More directly, this fundraiser was shared by a friend of a friend a year ago. Nothing has changed except that everything is worse now. I believe that they are doing good work. They say that there is some food still there and that they have a plan to get it to people: buying direct from the sellers, so that the sellers don’t have to try to sell food in a famine. This is their GoFundMe and I have given here too, and again I wish I could give more. Someone said to me, don’t you wonder who the merchants are, and why the prices are so high? And I do wonder that. I wonder that and I know what she’s getting at and I know why she said it and I don’t disagree, necessarily, but what is the alternative? Some people I know are giving cash directly to Gazan people they have met on Instagram, and I get a lot of requests for cash directly, as I am sure most people on Instagram do, and I can’t speak to that either but to be asked directly for aid by someone desperate is hard, hard, to refuse.
This link (embedded above) was helpful to me in thinking this through. I don’t know these people at all but these slides were helpful to me, and maybe to you.
There are big charities, but you know about them. I give to them too.
Sami Tamimi’s latest book is called Boustany and it’s about vegetarian recipes of Palestine. You can read about it here. It’s a really beautiful interview and you should click through (and buy the book also).
“Palestinian people are full of life, they always want to make you welcome and will push food on your plate just to make sure that you are well fed, happy and comfortable,” Tamimi said. “It’s horrendous for people that always celebrated life and food and seasonality and feeding people to be stripped from all of that, and for it to be used as a weapon against them….They want to eat and enjoy life, they want to live life to the max.”
I love to enjoy life. I love to eat. I love to cook and feed people and be in my kitchen, wherever that kitchen is.

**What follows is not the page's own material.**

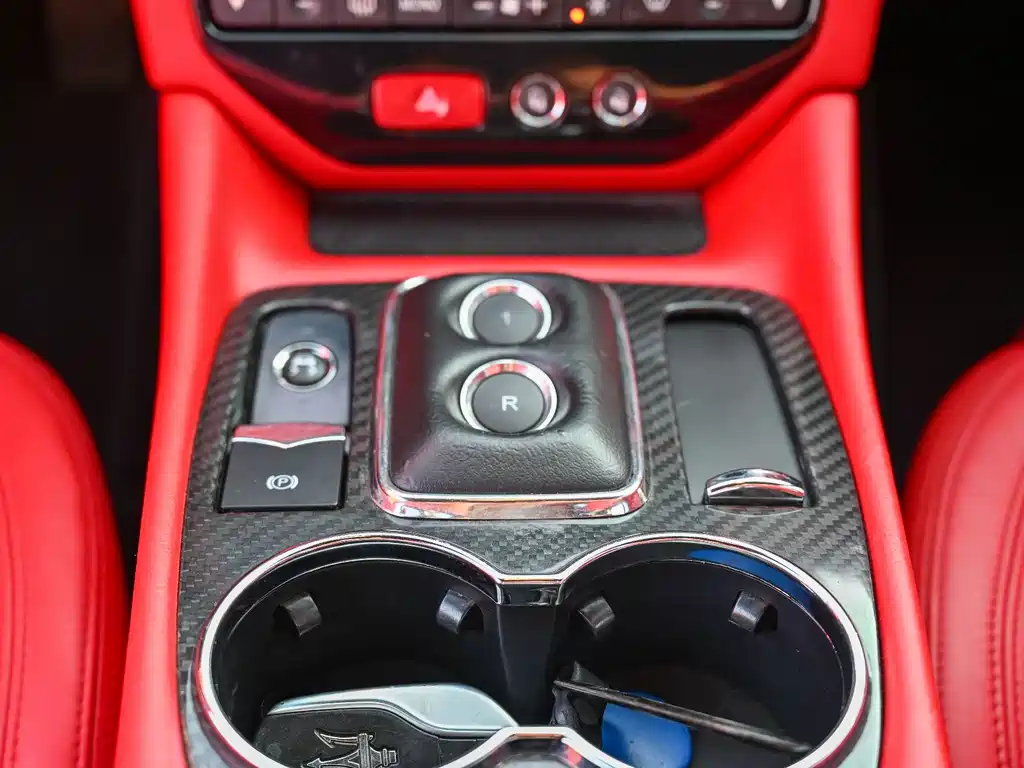Maserati GranTurismo 2011 — фото 11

And there is such joy in food! There is such joy in good food; in clean cold water; in lemons and extravagance and green-golden olive oil. I break the white cheese and put sumac over it. I pit the olives and tear the soft bread. I make rice and breathe in the steam. I blitz beans. I find all this joy and I find in my own joy such total horror and bitterness I don’t know what to do. I don’t know what to do. I donate; I write; I write and write and write. I cook and I write and I think.
I am writing this now because of the fattoush, and because I recently went back on Instagram for work purposes, and shared the links above. It seemed to be helpful to share the link here too, and once I started writing I couldn’t stop. It’s important for me to say very clearly that I don’t know anything about anything. I can’t verify fundraisers or fix intransigent global conflicts or free hostages or unlock the prisons and let the people go. I don’t know anything about how things work, just about food and feelings, and to be a food writer in a famine— tahini, lemons, lentils— is a strange place to make a living and a life.

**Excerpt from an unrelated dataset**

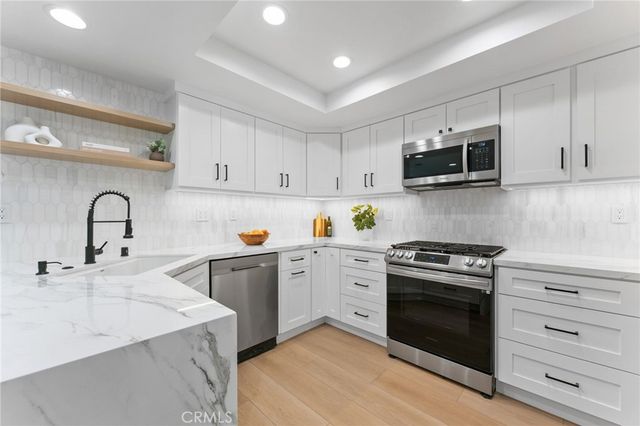 1066 Sunwood Lane, Oak Park, CA 91377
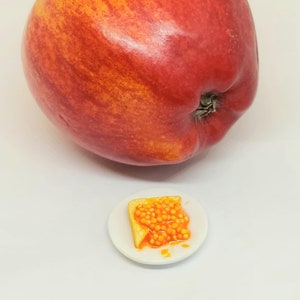 Fridge magnet plate of beans on toast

I don’t know what the good ending to this story is. I don’t know what the right answers are to world wars and climate change and kidnap and murder and fascism in all forms. I don’t know what to write; I don’t know what to say. I see protests in Tel Aviv and hunger strikes in London (sponsorship to here, please) and all over the world I see people who want this to end. I clicked through to this Etgar Keret Substack yesterday and it made me feel— not hopeful, of course not, what hope could there be? But like there are people everywhere who want this to end, who see what’s happening, who want this over. I saw the front page of the Daily Express— GAZA HELL SHAMES US ALL— and I felt it then too. These people I think of as far from me: on this, at this time, we are aligned. Daily Express readers; and 80% (if that Keret piece is right) of Israeli citizens; the protests everywhere, all the time. There are people everywhere who see this. There are people everywhere from all places who see what is happening and want it to end.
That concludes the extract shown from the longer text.